[Recorded data — start]

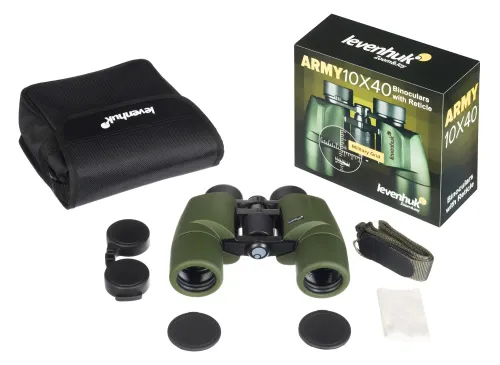immagine binocolo con reticolo Levenhuk Army 10x40,  5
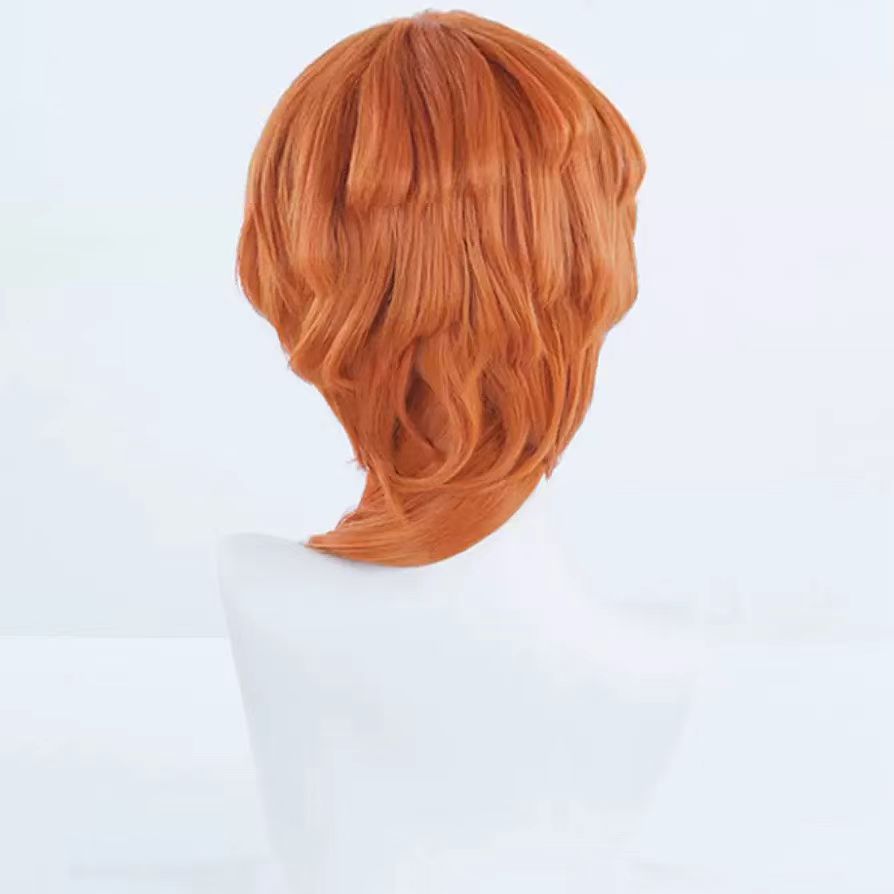 Bungo Stray Dogs Nakahara Chuuya Long Orange Hair Basic Wig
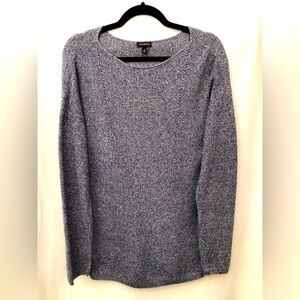 Talbots Blue Knit Pullover Sweater Soft Rayon Cotton Cashmere Blend Size Medium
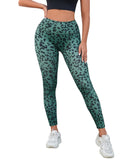 Azura Exchange Leopard Print Active Leggings - L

[Recorded data — finish]

**The task:**
With the pictures left out, output exactly the lines from the one with "Bungo Stray Dogs" through the end of the listing above, both ends included.

**Solution:**
 Bungo Stray Dogs Nakahara Chuuya Long Orange Hair Basic Wig
 Talbots Blue Knit Pullover Sweater Soft Rayon Cotton Cashmere Blend Size Medium
 Azura Exchange Leopard Print Active Leggings - L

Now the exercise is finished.